Exercise: Write out exactly, and only, the lines below from the line with "Pure Color Patchwork Denim Jeans For Women" through the line with "Heldere wandplanken 50"; pictures do not belong in the copy.

The records:
-.-.-

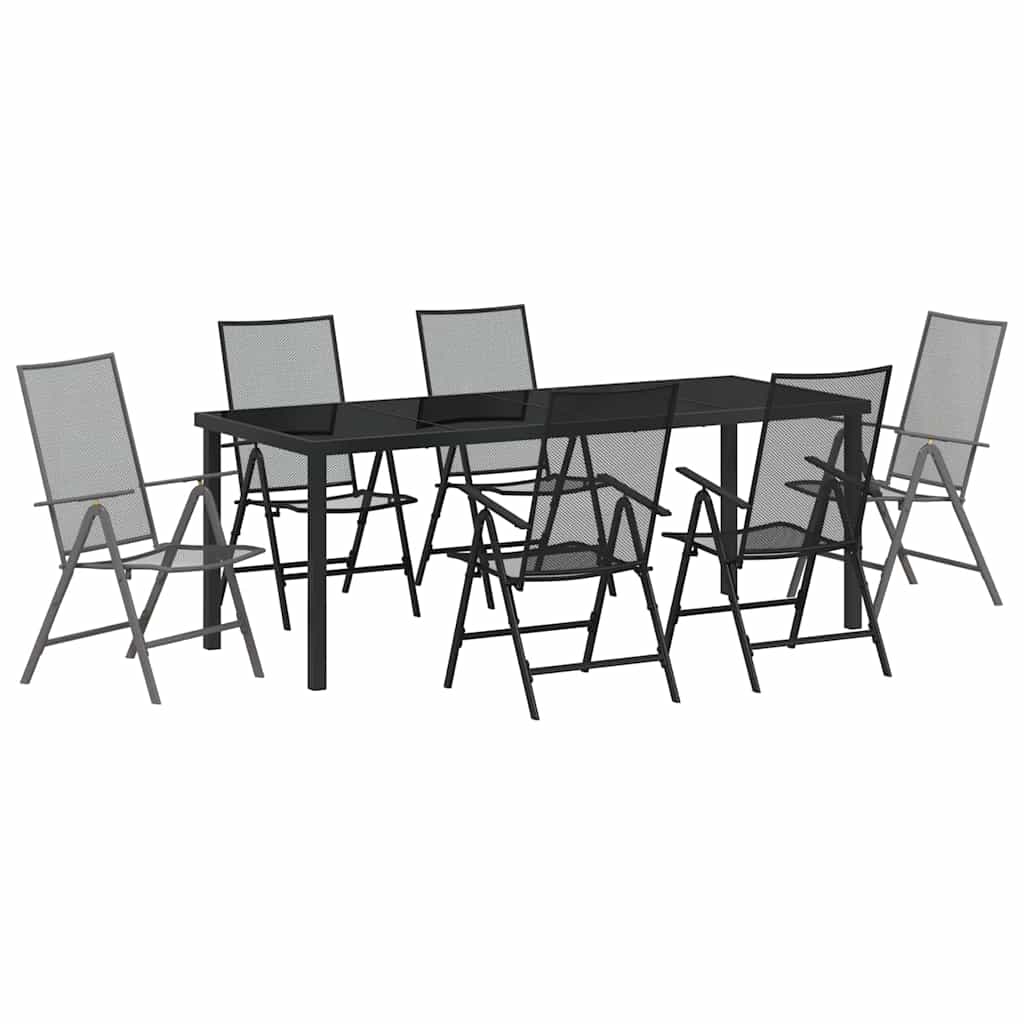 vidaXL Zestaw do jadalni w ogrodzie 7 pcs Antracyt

-.-.-

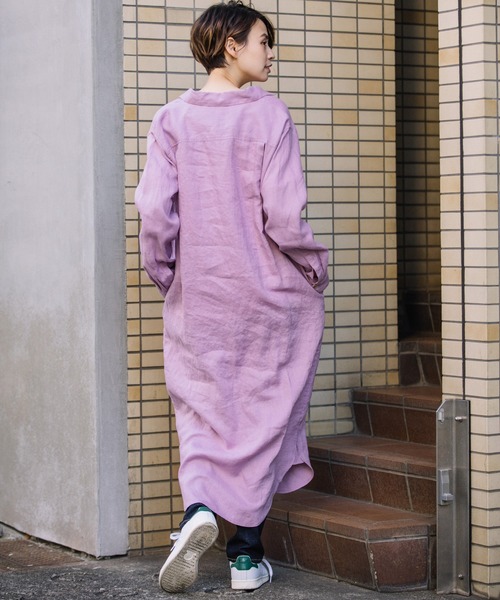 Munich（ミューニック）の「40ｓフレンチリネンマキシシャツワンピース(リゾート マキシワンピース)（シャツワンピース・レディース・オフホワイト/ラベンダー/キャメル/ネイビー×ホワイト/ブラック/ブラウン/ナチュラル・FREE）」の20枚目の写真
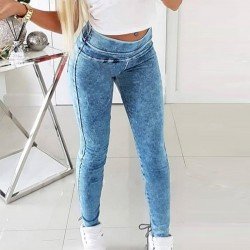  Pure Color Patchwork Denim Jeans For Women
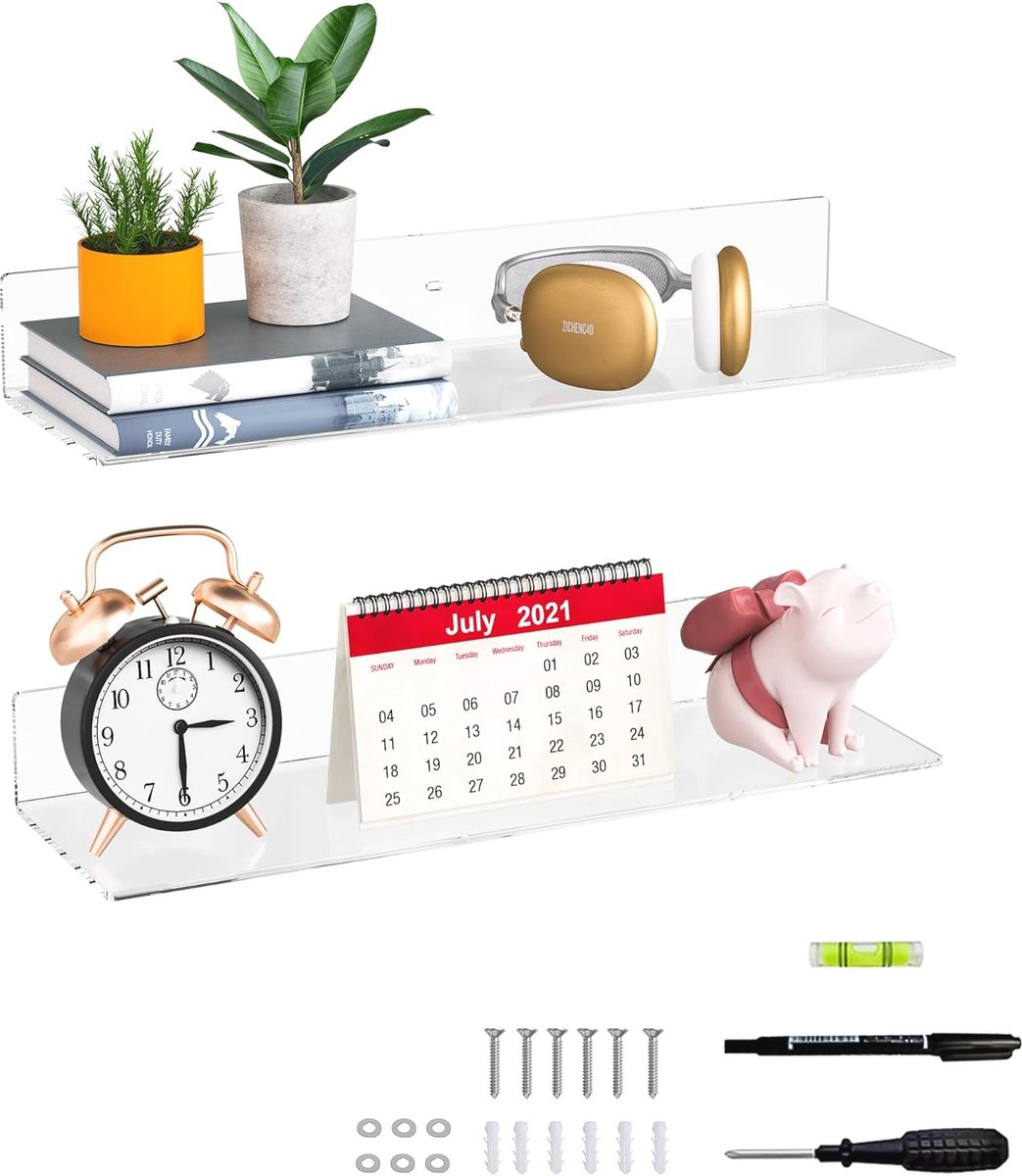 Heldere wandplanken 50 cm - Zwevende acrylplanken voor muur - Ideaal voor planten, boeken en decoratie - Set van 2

-.-.-

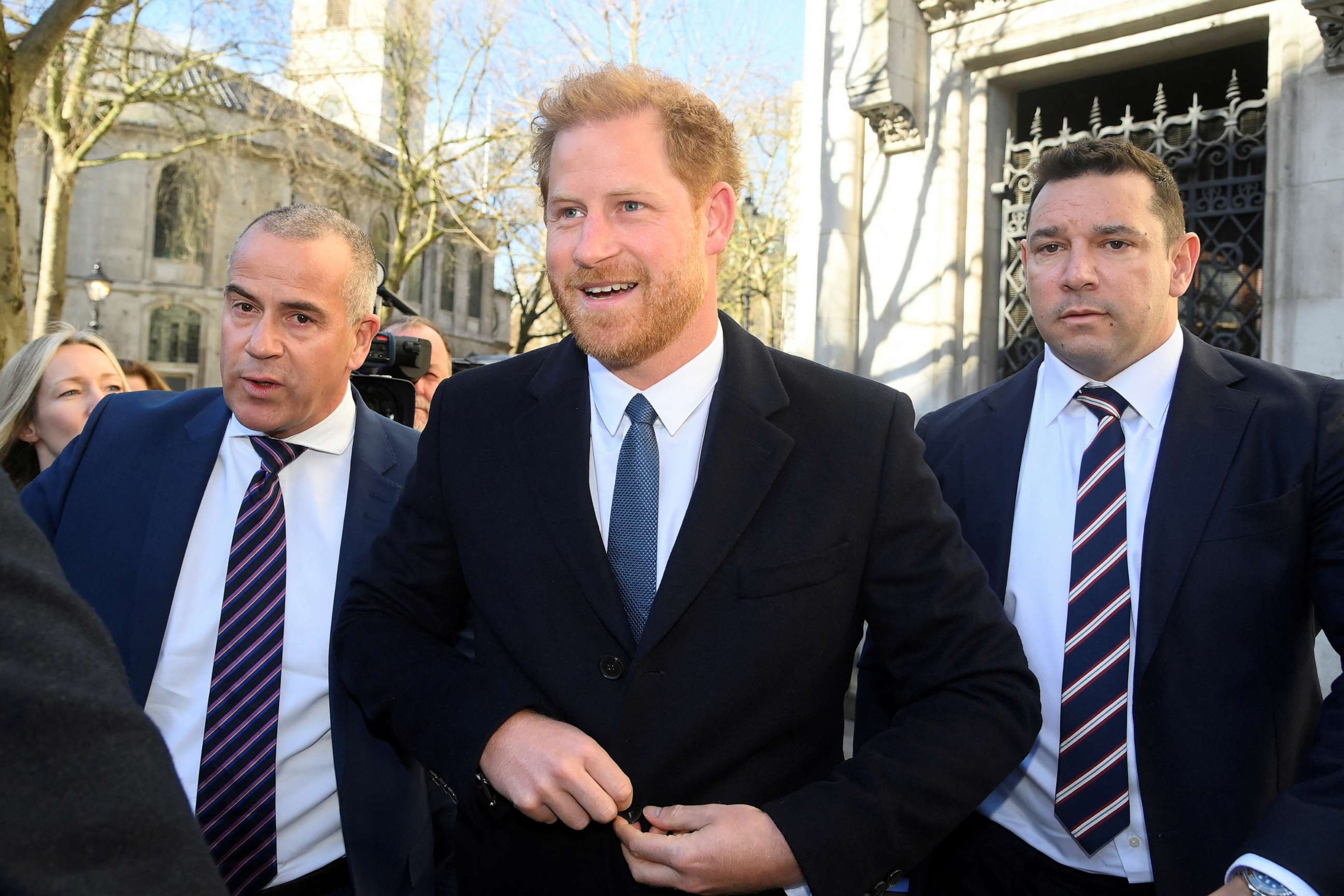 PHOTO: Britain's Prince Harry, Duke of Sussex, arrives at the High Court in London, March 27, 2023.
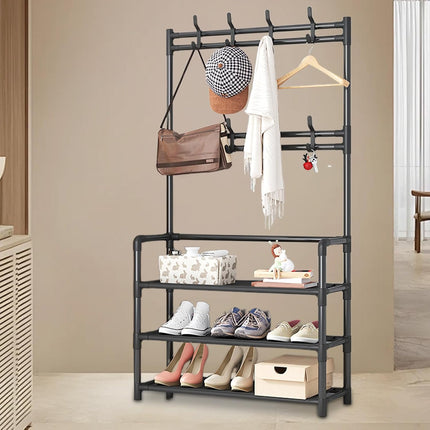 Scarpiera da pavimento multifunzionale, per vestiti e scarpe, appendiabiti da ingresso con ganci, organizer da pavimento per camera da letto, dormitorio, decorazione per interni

-.-.-

Answer space:
  Pure Color Patchwork Denim Jeans For Women
 Heldere wandplanken 50 cm - Zwevende acrylplanken voor muur - Ideaal voor planten, boeken en decoratie - Set van 2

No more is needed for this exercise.